Cantrip is an Elixir/OTP runtime for language-model entities acting through mediums, gates, wards, and looms. It is the canonical package implementation of the Cantrip spellbook lineage: the original ghost-library vocabulary is preserved, while the runtime surface is ordinary Elixir.

Core Shape

A cantrip is a reusable value. It combines:

  • an LLM behaviour implementation and provider state
  • an identity with system prompt and model-facing options
  • a circle describing medium, gates, and wards
  • optional loom storage, retry, and folding configuration

Casting a cantrip starts a one-shot entity. Summoning a cantrip starts a supervised entity process that can receive multiple intents. The entity is what emerges from the loop; the cantrip is the configuration that produces it.

The circle is the runtime contract:

A = M union G - W

The medium determines the shape of thought. Gates expose host capabilities. Wards bound runtime behavior. The loom is the durable tree left behind by the entity's turns. The Familiar's default code medium runs trusted Elixir in the host BEAM for operator-local coding work, while plain code-medium circles without a sandbox ward default to the port boundary.

Runtime Loop

Cantrip.cast/3 starts an internal supervised entity server for one episode. Cantrip.summon/1 starts a persistent entity; Cantrip.summon/2 starts one and immediately runs its first intent. Cantrip.send/3 continues it.

Each turn:

  1. folds prompt context if configured
  2. presents the selected medium to the LLM
  3. invokes the provider through the internal provider-call boundary
  4. classifies the response into the selected medium's input shape
  5. executes through the medium
  6. appends the utterance and observations to the loom
  7. either terminates, truncates, or continues

Errors that belong to the entity's operating environment are observations. They are returned to the loop as data instead of crashing the process.

Mediums

The conversation medium projects gates as provider tool definitions.

The code medium evaluates Elixir with persistent bindings. Plain code-medium circles default to Dune-restricted Elixir in a child BEAM process, equivalent to sandbox: :port.
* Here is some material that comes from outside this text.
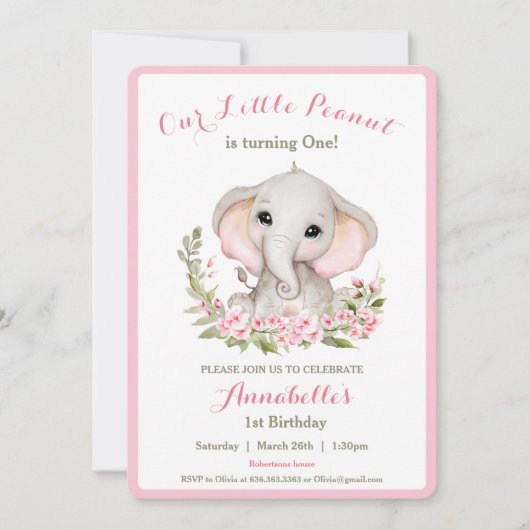 Olifant 1e verjaardag meisje uitnodiging aangepast (Voorkant)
Add %{port_runner: [...]} to put that child under deployment-level OS/container controls. sandbox: :port_unrestricted keeps the child process but evaluates raw Elixir there. sandbox: :dune routes through the in-process Dune evaluator — a deliberately smaller-surface variant of the code medium (see docs/port-isolated-runtime.md "Dune Variant"); entity prompts need to fit that surface. sandbox: :unrestricted is the trusted host-BEAM evaluator, and it is the Familiar default.

The bash medium executes one shell command per turn inside an OS sandbox. Shell process state does not persist; filesystem effects do only for paths admitted by %{bash_writable_paths: [...]}. The medium fails closed when no sandbox adapter is available (bubblewrap on Linux, sandbox-exec on macOS, or an explicit deployment adapter later).
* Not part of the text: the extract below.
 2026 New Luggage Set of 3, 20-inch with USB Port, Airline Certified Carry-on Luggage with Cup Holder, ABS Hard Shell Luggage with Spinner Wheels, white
The Bash adapter contract is empirical, not aspirational: CI exercises a representative local shell workload suite under the available OS sandbox. The suite covers git, make, jq, /dev/null redirects, and common find/sed/grep pipelines. The workload suite opts into %{bash_network: :on} because GitHub-hosted Linux runners can install bubblewrap but cannot reliably create the network namespace bubblewrap uses for default network denial. Separate tests pin the default network-deny command shape (--unshare-net) so adapter regressions still fail locally and in capable CI. New shell workload expectations should land as tests first so sandbox configuration gaps surface in CI instead of in user sessions.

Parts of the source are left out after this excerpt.